Even today, most people are drawn to public or corporate leadership because they want to do something in their community or their organization. Perhaps once they are there they become the “icon”, the “business person of the year” etc. That’s the “Great Man” approach to leadership that is perpetuated in the press but discarded by leadership scholars as not being particularly effective. It stands to reason that you have to do something to be someone.
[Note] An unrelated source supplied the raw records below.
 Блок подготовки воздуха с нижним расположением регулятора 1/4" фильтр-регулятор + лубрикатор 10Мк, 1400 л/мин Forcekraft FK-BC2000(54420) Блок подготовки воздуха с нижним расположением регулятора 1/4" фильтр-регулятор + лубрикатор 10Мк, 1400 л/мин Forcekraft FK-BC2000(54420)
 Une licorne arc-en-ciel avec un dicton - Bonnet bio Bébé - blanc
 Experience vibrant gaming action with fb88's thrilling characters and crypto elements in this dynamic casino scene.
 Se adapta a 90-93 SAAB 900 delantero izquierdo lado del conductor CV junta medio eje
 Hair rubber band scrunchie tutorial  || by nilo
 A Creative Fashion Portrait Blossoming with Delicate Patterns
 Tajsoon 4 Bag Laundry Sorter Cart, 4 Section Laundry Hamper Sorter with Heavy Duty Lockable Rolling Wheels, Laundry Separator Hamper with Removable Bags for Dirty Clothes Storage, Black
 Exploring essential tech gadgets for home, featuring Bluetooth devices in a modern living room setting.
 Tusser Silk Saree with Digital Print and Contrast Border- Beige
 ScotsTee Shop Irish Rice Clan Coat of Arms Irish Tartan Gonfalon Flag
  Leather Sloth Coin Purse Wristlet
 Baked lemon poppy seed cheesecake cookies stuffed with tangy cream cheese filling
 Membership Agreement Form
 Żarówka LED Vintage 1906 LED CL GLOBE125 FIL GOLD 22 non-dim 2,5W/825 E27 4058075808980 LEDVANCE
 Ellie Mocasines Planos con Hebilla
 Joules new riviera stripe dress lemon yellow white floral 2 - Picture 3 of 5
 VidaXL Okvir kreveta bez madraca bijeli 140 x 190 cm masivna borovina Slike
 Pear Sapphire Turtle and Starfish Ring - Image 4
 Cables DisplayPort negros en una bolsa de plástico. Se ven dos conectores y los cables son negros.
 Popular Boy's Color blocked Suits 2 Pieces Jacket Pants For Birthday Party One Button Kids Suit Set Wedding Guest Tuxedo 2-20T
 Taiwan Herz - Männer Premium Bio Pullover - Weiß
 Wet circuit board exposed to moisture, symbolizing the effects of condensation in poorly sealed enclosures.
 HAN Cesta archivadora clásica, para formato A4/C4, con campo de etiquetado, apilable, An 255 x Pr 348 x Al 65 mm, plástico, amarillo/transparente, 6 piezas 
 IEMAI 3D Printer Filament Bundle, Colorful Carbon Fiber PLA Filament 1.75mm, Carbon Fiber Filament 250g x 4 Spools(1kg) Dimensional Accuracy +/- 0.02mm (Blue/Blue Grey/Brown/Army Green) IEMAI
Our assumptions of the traits of leaders colours how we see the “be someone” piece. Initially I was thinking, as you might be, that the be is about importance, status, fame… It is about what you achieve when you are a leader. However, today’s leaders need to be someone who empowers others, who is caring, who listens deeply. Above all, this “Level 5 Leader“, as described by Jim Collins, must be humble. (Perhaps, Lady Thatcher would have prevented the overthrow of her leadership if she had followed more of these practices.) Nonetheless, we must also acknowledge that when you “are someone” you have more power to accomplish your objectives because of your reputation, your resources, your team etc. and because people want to be associated with you.
This flips the assumption upside down: Sometimes, you need to be in order to do.
Just try to remember that fame can be fleeting so “be” in such a way that others still want to be with you when, once again, you are a regular person buying milk at the grocery store. To quote Einstein “Try not to become a man of success, but rather a man of value.”